On February 12, 1939, 4000 fans - or more accurately, 3999 fans and I - watched a hockey game between the Duluth (MN) Firemen and the Superior (WI) Police. (Or maybe it was the reverse.) It was held inside the Duluth Amphitheater. The place was packed because free tickets had been distributied to all the boy scouts and school police in town and, possibly, to other groups.
At some point during the game, we heard screams from the top of the bleachers direcly across the ice from us. We looked up and saw what appeared to be smoke rising from above the bleachers. "It's a fire," someone yelled.
Along with thousands of others, my kid brother and I got out of there fast, leaving through the lobby, which was a low-ceiling building attached to the front of the amphitheater. Once outside, Warren and I looked frantically for my older brother, Howard, who was no where to be seen.
By then we realized that the building was not on fire. The roof was callapsing in slow stages and what had appeared to be smoke was really dust flying off of the upper rafters as they collapsed. We heard the sounds of other parts of the roof coming down. And then there was a gigantic noise as air came rushing out through the lobby into the street area where we stood. Apparently, air trapped under the collapsing roof was pushed with great force through the low lobby building which then constituted a relatively small opening for the escaping compressed air.
Then we saw Howard, whose curiosity had outweighed his fear. He had stayed inside to watch the action. He claimed that the last rush of air had virtually thrown him out via the lobby "opening".
Miraculously, no one was killed in what could have been a tragedy - in large numbers. The fact that the roof fell in stages rather than in one swoop gave us time to get out, and most of did not stay around to watch.

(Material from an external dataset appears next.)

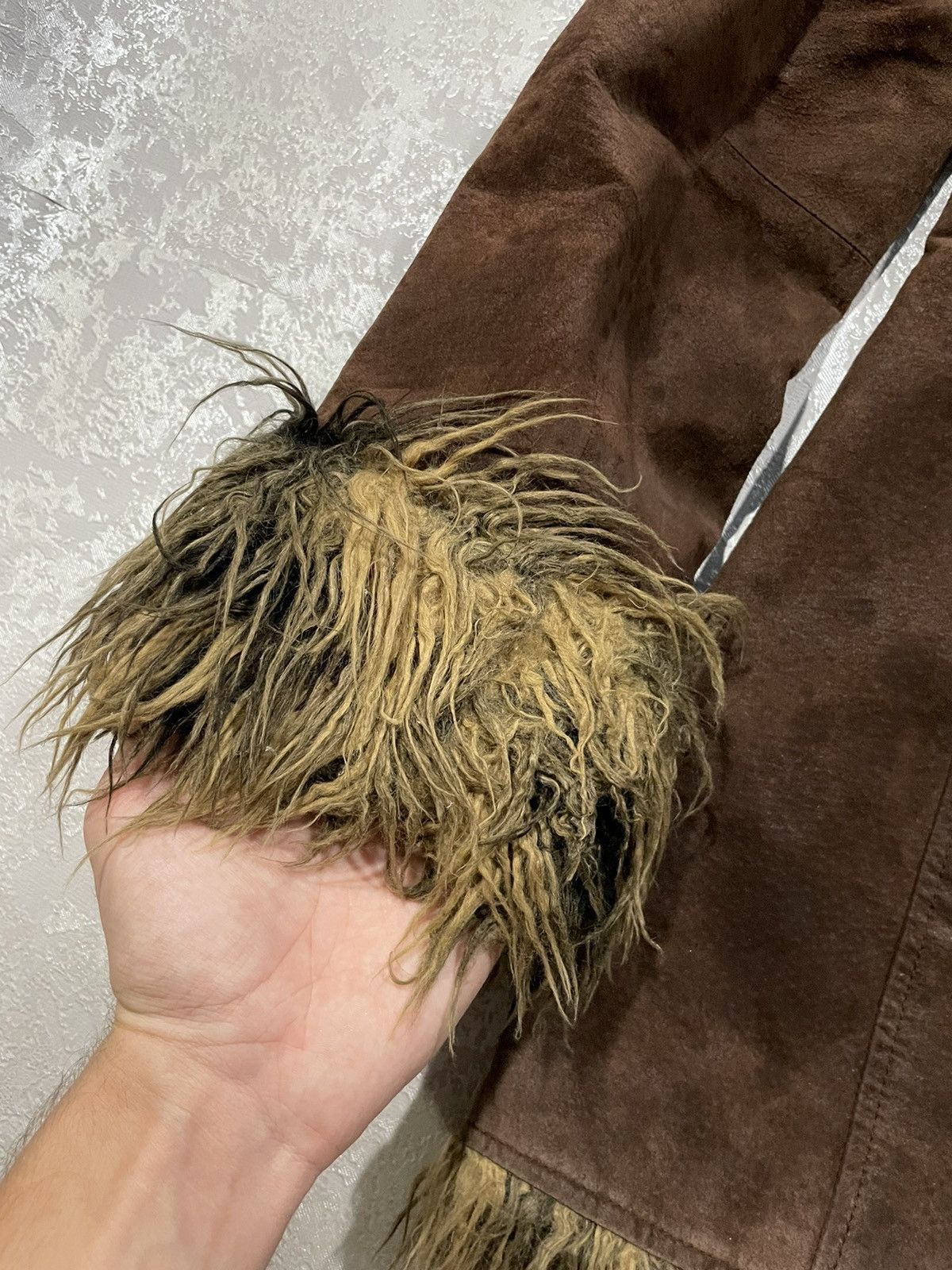 Japanese Brand Y2K If Six Was Nine LGB Style Leather Fur Brown Jacket Coat Size M / US 6-8 / IT 42-44 - 6 Thumbnail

For years after that, the damaged amphitheater sat untouched and one could see that a major part of the roof was gone, but with a part of it still hinged along the original roof line and sagging with part of it resting on the rink floor.
Four and a half years later (the winter of 1943-44) I was in training at the Infantry School at Fort Benning, GA. One of my hut mates (from Illinois) told me that his uncle was the contractor who built the amphitheater. His uncle resented rumors of faulthy construction, claiming the collapse was due to leaving tons of snow that had accumulated on the roof. I never knew if this was true but on rought days after crawling though cold, wet, Georgia mud or dealing with similar inconveniences, I would needle my hut mate by saying, Haven't had so much fun since the Amphitheater caved in.